*TASK STATEMENT*:
Below are lines of data; count those that contain "Travel" and give the total alone.

[Records contained in a dataset]
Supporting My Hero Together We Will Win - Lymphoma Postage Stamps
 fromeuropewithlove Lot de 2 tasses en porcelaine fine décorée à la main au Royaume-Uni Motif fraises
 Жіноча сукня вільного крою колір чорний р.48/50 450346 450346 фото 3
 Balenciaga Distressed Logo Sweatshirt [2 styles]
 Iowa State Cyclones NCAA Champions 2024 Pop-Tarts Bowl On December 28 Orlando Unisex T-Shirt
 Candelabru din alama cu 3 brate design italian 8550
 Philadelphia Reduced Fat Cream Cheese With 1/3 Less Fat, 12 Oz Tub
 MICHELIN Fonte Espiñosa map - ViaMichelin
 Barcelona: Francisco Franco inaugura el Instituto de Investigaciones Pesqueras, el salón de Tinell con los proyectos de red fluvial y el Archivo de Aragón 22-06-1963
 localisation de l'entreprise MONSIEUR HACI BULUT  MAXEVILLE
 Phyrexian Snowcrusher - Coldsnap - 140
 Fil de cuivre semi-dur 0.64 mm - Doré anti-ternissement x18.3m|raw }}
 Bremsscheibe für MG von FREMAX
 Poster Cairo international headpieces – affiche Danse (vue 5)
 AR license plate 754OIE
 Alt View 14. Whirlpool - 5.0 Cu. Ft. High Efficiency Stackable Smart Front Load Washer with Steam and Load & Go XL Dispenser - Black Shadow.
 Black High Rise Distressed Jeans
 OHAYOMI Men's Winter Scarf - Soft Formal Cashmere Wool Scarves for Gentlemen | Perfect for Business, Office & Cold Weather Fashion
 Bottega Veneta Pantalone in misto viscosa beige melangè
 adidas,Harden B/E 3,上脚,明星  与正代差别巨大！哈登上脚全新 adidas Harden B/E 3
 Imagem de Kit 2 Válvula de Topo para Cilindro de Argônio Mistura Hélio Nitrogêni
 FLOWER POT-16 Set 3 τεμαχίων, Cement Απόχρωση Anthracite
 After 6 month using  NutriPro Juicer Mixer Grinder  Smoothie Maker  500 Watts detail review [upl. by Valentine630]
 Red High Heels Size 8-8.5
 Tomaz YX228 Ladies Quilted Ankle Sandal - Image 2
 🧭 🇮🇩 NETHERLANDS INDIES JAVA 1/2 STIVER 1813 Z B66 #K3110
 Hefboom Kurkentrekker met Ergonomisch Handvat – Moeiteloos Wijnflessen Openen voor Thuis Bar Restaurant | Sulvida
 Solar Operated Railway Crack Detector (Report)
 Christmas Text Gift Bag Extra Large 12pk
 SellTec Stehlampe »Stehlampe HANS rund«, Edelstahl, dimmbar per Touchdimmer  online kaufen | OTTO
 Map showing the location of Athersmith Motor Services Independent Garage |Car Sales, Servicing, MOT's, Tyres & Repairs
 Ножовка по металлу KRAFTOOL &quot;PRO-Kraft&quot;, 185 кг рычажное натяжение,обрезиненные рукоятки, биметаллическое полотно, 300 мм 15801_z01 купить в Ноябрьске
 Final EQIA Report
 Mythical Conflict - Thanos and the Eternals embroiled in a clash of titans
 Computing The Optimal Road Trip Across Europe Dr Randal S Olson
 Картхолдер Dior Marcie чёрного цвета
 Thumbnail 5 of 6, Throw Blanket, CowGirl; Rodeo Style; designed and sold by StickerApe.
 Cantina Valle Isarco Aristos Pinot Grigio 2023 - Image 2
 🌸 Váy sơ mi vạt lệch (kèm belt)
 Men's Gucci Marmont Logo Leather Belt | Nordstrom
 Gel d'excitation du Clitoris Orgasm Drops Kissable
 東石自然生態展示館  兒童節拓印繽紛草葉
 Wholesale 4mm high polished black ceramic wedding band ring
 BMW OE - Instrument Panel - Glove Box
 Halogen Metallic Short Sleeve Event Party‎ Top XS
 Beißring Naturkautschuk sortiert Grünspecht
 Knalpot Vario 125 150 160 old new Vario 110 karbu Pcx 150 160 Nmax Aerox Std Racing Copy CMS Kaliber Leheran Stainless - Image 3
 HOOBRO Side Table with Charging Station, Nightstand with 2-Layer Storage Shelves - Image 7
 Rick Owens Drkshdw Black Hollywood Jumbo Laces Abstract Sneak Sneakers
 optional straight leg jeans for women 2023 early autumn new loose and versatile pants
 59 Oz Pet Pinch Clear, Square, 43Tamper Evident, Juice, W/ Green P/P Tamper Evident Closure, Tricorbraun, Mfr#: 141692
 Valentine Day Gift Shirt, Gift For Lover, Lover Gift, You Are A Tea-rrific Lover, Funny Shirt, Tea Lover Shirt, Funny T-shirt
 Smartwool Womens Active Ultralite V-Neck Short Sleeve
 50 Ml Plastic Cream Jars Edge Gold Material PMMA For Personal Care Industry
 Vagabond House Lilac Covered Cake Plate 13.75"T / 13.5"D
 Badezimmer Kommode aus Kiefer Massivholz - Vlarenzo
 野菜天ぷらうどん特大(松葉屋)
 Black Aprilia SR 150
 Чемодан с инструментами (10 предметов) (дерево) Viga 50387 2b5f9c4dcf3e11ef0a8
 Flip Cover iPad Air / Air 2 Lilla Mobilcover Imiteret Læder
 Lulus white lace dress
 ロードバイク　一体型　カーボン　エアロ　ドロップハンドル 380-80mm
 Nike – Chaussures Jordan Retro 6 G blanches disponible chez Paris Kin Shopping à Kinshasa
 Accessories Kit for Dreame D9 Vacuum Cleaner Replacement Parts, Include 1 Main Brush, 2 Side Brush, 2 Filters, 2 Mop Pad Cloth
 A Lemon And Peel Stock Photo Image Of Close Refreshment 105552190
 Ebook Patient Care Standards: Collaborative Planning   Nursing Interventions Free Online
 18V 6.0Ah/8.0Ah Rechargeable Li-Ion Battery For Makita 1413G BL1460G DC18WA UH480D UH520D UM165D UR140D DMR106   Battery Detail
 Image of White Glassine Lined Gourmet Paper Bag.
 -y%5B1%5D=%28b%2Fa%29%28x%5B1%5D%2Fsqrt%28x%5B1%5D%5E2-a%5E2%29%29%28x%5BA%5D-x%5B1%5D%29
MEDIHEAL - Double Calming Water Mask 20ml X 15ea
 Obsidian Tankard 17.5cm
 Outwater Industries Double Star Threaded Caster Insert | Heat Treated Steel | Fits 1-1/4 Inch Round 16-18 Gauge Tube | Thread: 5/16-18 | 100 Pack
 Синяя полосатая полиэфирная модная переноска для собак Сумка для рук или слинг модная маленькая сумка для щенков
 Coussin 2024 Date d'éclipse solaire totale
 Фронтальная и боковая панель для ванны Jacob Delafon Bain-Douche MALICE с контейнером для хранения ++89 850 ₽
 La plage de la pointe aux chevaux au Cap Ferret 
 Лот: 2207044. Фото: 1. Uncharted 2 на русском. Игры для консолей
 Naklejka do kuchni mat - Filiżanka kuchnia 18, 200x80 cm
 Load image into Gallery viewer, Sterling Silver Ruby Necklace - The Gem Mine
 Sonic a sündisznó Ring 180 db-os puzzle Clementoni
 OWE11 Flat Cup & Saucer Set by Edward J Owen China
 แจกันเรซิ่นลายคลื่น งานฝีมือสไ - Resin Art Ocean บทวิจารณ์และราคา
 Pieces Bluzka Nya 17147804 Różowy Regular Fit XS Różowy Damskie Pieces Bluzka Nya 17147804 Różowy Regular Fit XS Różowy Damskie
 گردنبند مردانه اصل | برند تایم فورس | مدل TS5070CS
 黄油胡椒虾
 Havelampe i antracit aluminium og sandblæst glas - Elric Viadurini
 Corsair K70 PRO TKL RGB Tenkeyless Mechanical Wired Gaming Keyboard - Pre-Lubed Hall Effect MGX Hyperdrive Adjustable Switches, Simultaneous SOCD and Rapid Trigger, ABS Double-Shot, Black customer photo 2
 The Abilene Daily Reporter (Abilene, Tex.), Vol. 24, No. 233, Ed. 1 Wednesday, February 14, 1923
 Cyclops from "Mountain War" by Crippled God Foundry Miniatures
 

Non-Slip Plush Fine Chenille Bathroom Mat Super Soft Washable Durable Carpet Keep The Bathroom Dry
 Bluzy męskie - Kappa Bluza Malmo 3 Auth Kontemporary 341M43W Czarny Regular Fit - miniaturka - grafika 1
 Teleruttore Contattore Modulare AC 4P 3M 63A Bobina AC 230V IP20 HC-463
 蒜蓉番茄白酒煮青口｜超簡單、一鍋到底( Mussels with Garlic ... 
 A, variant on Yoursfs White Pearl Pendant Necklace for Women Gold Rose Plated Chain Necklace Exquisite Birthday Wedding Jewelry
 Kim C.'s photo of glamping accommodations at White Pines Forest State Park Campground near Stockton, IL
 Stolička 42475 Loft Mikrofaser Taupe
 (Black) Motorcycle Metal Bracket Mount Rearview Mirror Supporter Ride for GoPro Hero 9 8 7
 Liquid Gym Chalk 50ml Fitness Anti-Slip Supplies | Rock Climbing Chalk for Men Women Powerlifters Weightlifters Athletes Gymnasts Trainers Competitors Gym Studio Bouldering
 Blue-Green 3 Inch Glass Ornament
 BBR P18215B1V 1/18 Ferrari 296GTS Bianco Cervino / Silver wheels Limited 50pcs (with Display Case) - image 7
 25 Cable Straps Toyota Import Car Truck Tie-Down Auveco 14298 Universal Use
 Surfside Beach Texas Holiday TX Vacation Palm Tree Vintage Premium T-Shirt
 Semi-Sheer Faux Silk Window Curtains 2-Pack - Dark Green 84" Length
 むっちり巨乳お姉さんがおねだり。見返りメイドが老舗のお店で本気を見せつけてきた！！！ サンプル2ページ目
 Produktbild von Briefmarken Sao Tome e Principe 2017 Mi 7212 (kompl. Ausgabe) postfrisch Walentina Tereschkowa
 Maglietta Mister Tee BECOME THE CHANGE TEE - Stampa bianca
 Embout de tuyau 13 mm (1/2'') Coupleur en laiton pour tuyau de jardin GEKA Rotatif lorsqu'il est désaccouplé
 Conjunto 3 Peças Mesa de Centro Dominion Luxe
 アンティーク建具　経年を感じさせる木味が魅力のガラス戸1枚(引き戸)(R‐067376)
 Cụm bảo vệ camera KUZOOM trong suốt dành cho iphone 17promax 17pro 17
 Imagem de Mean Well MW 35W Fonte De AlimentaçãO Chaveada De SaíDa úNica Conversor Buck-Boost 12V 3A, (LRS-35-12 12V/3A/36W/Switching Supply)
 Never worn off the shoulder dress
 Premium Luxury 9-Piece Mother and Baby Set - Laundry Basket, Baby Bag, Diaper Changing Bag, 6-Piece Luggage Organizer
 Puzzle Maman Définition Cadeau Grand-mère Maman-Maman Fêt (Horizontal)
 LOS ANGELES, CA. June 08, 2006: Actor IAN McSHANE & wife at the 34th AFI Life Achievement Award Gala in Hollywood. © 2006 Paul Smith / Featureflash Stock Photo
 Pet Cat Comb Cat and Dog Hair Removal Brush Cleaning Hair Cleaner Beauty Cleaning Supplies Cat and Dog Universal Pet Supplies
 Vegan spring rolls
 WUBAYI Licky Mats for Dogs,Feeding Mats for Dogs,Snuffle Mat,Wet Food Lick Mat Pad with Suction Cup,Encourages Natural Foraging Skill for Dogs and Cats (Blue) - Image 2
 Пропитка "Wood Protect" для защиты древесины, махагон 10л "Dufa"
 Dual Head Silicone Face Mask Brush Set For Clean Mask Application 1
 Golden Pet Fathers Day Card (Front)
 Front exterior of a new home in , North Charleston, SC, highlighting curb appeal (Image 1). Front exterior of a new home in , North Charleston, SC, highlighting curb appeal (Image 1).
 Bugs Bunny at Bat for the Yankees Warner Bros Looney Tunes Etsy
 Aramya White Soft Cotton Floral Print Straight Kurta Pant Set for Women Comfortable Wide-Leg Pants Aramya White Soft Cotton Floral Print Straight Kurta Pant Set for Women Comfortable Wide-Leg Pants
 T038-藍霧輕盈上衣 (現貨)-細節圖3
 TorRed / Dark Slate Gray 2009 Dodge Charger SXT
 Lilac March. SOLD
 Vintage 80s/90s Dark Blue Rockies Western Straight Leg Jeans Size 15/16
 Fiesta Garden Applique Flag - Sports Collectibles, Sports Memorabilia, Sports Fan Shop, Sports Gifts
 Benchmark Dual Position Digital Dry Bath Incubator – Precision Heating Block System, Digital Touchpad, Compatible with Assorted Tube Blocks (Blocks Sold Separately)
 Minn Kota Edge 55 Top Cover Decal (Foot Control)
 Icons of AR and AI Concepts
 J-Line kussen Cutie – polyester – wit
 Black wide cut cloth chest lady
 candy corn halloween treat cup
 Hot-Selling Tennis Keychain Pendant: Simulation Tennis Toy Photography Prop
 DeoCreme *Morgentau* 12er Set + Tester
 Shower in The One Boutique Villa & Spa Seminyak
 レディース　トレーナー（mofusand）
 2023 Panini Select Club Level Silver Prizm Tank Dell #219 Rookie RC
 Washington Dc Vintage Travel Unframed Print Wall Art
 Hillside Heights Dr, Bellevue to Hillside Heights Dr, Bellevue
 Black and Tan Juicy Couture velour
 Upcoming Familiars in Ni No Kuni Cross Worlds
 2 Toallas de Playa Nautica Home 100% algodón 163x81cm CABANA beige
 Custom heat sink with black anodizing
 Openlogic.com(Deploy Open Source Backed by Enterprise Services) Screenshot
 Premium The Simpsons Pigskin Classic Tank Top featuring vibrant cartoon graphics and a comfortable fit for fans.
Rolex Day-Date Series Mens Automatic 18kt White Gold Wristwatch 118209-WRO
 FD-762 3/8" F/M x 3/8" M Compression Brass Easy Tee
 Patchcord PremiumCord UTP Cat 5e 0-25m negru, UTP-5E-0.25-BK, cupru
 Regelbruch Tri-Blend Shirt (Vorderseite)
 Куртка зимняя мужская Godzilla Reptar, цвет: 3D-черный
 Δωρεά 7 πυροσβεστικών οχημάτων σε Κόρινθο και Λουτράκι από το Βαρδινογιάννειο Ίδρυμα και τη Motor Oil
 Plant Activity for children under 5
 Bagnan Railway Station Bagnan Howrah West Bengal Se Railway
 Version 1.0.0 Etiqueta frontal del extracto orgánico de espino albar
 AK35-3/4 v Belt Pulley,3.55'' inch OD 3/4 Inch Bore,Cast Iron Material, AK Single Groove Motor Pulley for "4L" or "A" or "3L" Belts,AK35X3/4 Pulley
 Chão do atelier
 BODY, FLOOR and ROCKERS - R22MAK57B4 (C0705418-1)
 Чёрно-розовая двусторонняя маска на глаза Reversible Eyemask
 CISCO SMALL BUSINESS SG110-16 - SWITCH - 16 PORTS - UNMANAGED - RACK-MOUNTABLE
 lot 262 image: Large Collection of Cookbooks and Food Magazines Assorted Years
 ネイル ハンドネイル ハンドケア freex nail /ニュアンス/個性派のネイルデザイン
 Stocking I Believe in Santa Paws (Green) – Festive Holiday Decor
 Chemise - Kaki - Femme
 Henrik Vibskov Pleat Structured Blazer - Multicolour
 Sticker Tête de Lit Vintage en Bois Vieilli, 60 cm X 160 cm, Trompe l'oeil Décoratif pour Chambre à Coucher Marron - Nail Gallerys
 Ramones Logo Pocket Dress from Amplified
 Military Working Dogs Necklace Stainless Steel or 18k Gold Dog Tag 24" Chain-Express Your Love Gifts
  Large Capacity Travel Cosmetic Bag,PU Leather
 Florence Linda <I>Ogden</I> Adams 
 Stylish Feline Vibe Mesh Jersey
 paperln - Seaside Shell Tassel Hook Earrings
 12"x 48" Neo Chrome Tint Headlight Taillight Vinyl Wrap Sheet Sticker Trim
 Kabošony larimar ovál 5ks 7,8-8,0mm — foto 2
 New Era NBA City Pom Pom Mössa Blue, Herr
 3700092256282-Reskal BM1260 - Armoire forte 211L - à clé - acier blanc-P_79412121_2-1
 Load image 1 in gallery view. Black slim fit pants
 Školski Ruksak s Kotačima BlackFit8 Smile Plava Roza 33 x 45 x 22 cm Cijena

*RESULT OF THE TASK*:
2